Luxe et métiers d'art : je t'aime, moi non plus.


Le regain d'intérêt pour les métiers d'art suite à la pandémie a laissé des traces significatives dans notre façon de consommer et de percevoir les objets. L'augmentation des reconversions, la recherche de sens et la curiosité ont ouvert les portes des ateliers et des écoles, redécouvrant ainsi l'art de transformer la matière.


De plus en plus, des parents se tournent vers ces métiers pour guider leurs enfants dans leur parcours scolaire. C'est une excellente nouvelle : les voies professionnelles, techniques et créatives sont à nouveau mises en avant, reconnues comme des choix porteurs d'avenir.
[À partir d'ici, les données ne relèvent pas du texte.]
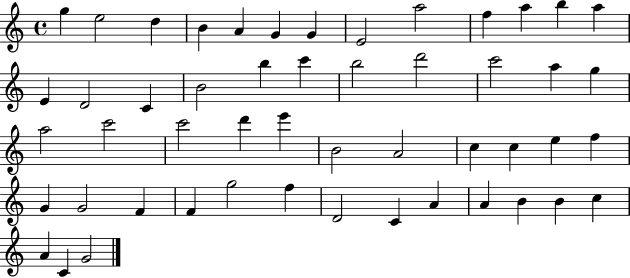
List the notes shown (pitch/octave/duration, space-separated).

G5/q E5/h D5/q B4/q A4/q G4/q G4/q E4/h A5/h F5/q A5/q B5/q A5/q E4/q D4/h C4/q B4/h B5/q C6/q B5/h D6/h C6/h A5/q G5/q A5/h C6/h C6/h D6/q E6/q B4/h A4/h C5/q C5/q E5/q F5/q G4/q G4/h F4/q F4/q G5/h F5/q D4/h C4/q A4/q A4/q B4/q B4/q C5/q A4/q C4/q G4/h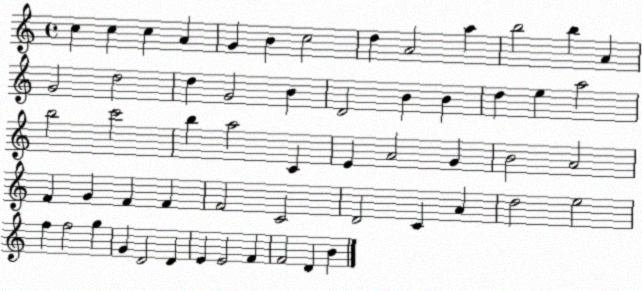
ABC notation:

X:1
T:Untitled
M:4/4
L:1/4
K:C
c c c A G B c2 d A2 a b2 b A G2 d2 d G2 B D2 B B d e a2 b2 c'2 b a2 C E A2 G B2 A2 F G F F F2 C2 D2 C A d2 e2 f f2 g G D2 D E E2 F F2 D B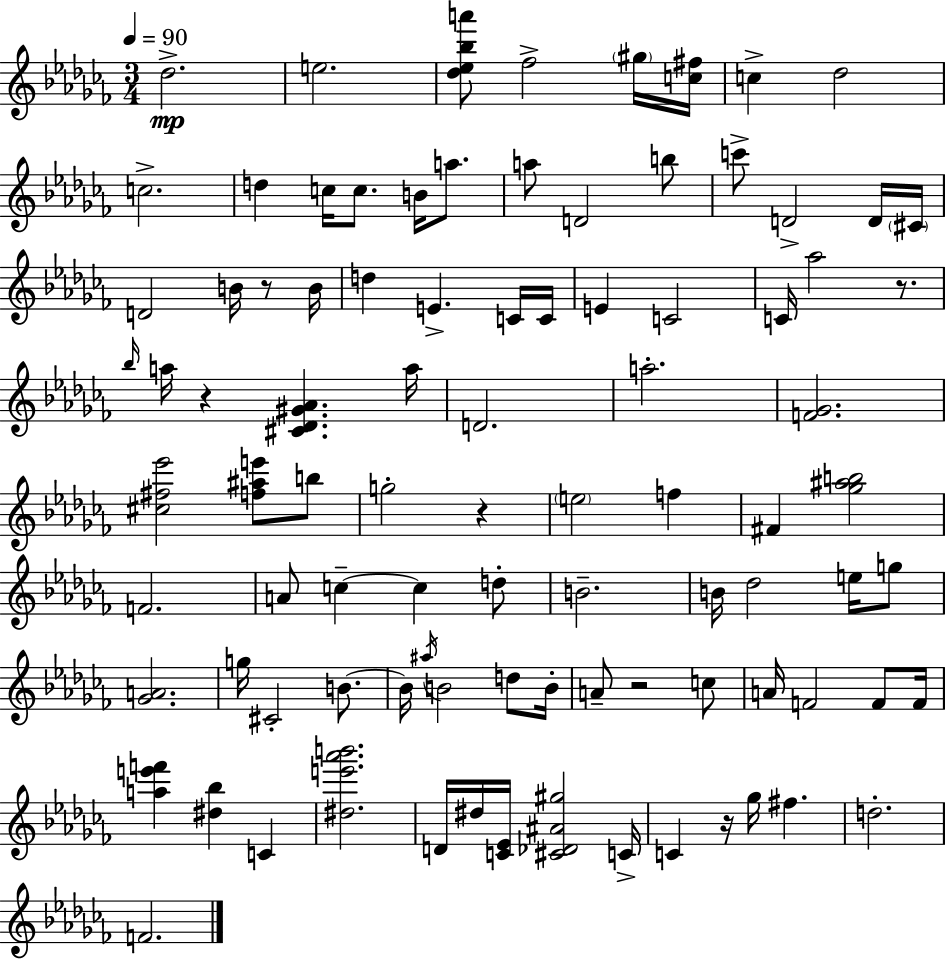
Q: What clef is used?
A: treble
Pendant trop longtemps, la filière manuelle a été perçue comme un passe-temps plutôt qu'un métier sérieux. Pourtant on redécouvre depuis la pandémie le travail de la matière sous toutes ses formes : ateliers de loisirs, cours du soir, stages de découverte, mais aussi formations initiales et continues révèlent la richesse de ces métiers. Plusieurs institutions documentent et analysent avec précision les métiers d'art, et mettent en avant le fait que 80% sont exercés dans des entreprises individuelles.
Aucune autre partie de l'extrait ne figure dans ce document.